Пожалуй, покажется странным, что мы не причисляем к искусствам ни красноречие, ни историю, ни философию.

Искусства называются изящными искусствами, потому что их единственная цель — производить бескорыстную эмоцию красоты, без учета пользы ни для зрителя, ни для художника. Их также называют свободными искусствами, потому что это искусства свободных людей, а не рабов, которые освобождают душу, очаровывают и облагораживают существование; отсюда смысл и происхождение тех выражений античности: artes liberales, artes ingenuæ. Существуют искусства без благородства, цель которых — практическая и материальная польза; их называют ремеслами, например, ремесло печника или каменщика. Истинное искусство может быть соединено с ними, может даже блистать в них, но только в аксессуарах и деталях.

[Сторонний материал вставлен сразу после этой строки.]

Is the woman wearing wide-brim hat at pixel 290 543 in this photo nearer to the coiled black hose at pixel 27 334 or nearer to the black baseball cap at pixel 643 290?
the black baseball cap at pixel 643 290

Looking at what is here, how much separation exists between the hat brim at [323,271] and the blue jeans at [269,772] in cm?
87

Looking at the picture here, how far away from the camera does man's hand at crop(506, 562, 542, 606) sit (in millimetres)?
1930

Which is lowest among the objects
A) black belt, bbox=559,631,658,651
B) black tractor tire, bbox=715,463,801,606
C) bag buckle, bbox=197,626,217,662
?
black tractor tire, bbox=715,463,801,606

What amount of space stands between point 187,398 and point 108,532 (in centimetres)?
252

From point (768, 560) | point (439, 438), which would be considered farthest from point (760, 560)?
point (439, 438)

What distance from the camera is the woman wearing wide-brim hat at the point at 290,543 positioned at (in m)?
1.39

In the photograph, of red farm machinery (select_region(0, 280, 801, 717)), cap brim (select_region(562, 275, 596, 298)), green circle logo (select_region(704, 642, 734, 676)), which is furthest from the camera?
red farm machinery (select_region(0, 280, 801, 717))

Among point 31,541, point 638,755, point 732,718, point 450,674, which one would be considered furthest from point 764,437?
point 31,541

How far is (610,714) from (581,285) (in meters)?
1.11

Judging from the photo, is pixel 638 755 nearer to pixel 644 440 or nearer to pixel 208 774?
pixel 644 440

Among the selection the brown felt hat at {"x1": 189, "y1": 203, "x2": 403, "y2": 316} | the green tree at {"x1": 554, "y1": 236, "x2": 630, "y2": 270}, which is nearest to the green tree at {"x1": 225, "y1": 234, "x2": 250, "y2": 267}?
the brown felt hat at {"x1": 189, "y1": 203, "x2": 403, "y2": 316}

Красноречие, история, философия — это, безусловно, высокие занятия разума; они имеют свое достоинство, свою высоту, которую ничто не превосходит, но, строго говоря, они не являются искусствами.

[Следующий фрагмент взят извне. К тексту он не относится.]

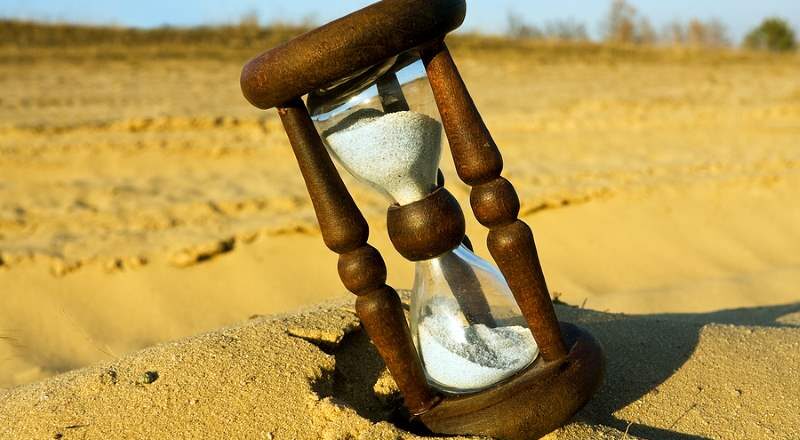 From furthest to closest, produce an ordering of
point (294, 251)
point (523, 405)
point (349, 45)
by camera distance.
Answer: point (294, 251) < point (523, 405) < point (349, 45)

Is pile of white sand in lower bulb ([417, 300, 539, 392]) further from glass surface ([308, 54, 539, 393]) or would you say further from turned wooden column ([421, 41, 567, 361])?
turned wooden column ([421, 41, 567, 361])

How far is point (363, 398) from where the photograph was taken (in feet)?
7.14

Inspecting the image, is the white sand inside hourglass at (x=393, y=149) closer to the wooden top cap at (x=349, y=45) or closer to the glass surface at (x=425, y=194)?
the glass surface at (x=425, y=194)

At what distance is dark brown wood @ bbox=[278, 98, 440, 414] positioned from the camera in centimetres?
173

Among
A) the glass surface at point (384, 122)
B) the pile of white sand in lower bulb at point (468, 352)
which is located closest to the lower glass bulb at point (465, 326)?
the pile of white sand in lower bulb at point (468, 352)

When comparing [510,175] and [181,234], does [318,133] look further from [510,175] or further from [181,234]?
[510,175]

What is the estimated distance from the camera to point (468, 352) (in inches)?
74.9

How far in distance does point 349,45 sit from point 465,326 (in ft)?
2.23

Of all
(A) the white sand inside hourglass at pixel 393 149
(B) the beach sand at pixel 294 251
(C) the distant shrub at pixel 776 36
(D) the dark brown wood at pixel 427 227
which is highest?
(A) the white sand inside hourglass at pixel 393 149

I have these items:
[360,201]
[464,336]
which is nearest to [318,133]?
[464,336]

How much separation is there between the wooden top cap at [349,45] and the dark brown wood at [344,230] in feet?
0.24

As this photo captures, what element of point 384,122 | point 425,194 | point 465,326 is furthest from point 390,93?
point 465,326

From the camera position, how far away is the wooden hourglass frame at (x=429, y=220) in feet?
5.37

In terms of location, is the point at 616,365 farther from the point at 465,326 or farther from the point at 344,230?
the point at 344,230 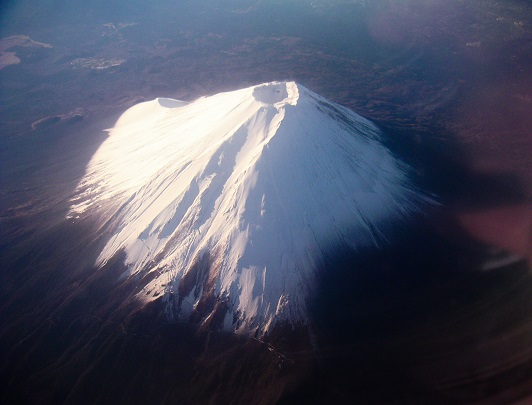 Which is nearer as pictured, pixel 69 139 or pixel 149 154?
pixel 149 154

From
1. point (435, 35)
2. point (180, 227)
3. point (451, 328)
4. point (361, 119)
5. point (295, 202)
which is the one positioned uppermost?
point (435, 35)

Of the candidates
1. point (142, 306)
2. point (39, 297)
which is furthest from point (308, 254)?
point (39, 297)

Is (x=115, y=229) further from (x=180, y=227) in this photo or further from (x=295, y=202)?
(x=295, y=202)

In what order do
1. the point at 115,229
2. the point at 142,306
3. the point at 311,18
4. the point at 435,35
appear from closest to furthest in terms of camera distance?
the point at 142,306 < the point at 115,229 < the point at 435,35 < the point at 311,18

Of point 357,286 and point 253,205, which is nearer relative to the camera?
point 357,286

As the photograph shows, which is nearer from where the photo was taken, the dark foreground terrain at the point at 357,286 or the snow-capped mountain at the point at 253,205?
the dark foreground terrain at the point at 357,286

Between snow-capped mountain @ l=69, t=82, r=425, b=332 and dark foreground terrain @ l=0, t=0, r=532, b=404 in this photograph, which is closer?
dark foreground terrain @ l=0, t=0, r=532, b=404

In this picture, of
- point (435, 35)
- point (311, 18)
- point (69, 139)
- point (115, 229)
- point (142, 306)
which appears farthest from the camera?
point (311, 18)

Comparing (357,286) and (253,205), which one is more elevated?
(253,205) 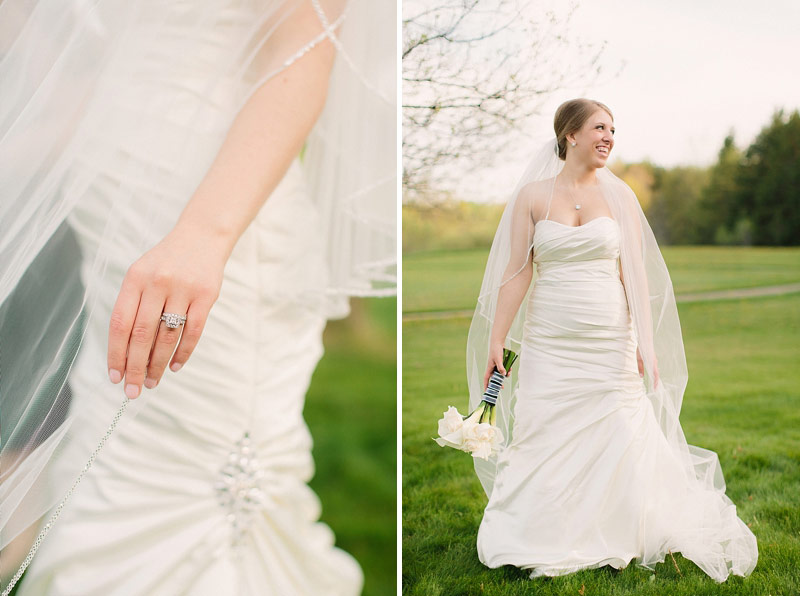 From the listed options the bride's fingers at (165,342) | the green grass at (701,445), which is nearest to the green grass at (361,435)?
the green grass at (701,445)

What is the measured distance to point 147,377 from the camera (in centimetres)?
81

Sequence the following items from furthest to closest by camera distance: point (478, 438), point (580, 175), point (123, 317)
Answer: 1. point (580, 175)
2. point (478, 438)
3. point (123, 317)

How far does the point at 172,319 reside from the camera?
2.55ft

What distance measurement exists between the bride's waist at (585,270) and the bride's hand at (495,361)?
26 cm

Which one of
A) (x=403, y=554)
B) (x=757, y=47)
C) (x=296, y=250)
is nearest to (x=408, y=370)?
(x=403, y=554)

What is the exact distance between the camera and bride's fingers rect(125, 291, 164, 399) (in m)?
0.76

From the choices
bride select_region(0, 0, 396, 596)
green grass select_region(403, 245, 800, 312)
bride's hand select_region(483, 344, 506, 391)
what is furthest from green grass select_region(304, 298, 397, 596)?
bride select_region(0, 0, 396, 596)

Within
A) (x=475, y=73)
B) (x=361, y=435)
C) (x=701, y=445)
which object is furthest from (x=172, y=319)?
(x=701, y=445)

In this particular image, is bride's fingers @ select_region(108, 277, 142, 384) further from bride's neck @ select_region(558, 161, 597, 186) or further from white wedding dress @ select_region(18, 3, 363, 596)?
bride's neck @ select_region(558, 161, 597, 186)

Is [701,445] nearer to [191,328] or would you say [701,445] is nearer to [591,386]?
[591,386]

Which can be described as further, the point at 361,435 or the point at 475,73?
the point at 361,435

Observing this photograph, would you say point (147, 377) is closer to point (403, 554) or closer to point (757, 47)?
point (403, 554)

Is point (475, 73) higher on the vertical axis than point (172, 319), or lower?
higher

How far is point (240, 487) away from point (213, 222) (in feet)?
1.60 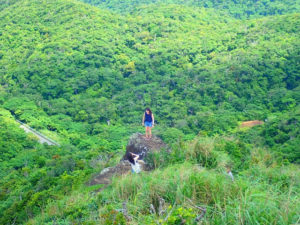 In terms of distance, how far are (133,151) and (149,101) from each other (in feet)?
123

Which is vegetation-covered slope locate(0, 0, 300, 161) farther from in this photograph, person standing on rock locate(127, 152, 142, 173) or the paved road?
person standing on rock locate(127, 152, 142, 173)

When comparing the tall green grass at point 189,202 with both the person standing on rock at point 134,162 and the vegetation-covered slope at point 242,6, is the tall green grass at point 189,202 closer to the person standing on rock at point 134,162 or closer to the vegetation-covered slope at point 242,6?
the person standing on rock at point 134,162

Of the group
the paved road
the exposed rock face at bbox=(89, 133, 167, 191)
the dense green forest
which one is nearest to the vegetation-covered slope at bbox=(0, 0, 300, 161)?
the dense green forest

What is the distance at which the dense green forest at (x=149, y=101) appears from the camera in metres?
5.44

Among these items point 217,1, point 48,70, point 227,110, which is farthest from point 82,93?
point 217,1

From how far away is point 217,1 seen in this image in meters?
83.8

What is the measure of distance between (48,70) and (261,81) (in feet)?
104

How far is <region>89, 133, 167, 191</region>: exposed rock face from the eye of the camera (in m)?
9.97

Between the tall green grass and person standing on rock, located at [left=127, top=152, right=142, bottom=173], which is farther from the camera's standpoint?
person standing on rock, located at [left=127, top=152, right=142, bottom=173]

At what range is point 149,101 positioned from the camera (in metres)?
48.7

Красноречие не ставит себе целью производить в душе слушателей бескорыстное чувство красоты. Оно может также производить этот эффект, но не стремясь к нему. Его прямая цель, которую оно не может подчинить никакой другой, — убеждать, убеждать. У красноречия есть клиент, которого прежде всего оно должно спасти или привести к триумфу. Неважно, будет ли этот клиент человеком, народом или идеей. Счастлив оратор, если он вызывает выражение: «Это прекрасно!», ибо это благородная дань, возданная его таланту; несчастен он, если не вызывает этого, ибо он упустил свою цель. Два великих типа политического и религиозного красноречия, Демосфен в античности, Боссюэ среди современников, думают только об интересе дела, доверенного их гению, — священного дела отечества и дела религии; в то время как в глубине души Фидий и Рафаэль работают, чтобы создавать прекрасные вещи. Поспешим сказать то, что повелевают нам сказать имена Демосфена и Боссюэ: истинное красноречие, весьма отличное от риторического, презирает некоторые средства успеха; оно не просит ничего, кроме как нравиться, но без всякой жертвы, недостойной его; всякое чуждое украшение принижает его. Его собственный характер — простота, искренность — я не имею в виду притворную искренность, намеренную и искусную серьезность, худший из всех обманов, — я имею в виду истинную искренность, которая исходит из искреннего и глубокого убеждения. Это то, что Сократ понимал под истинным красноречием.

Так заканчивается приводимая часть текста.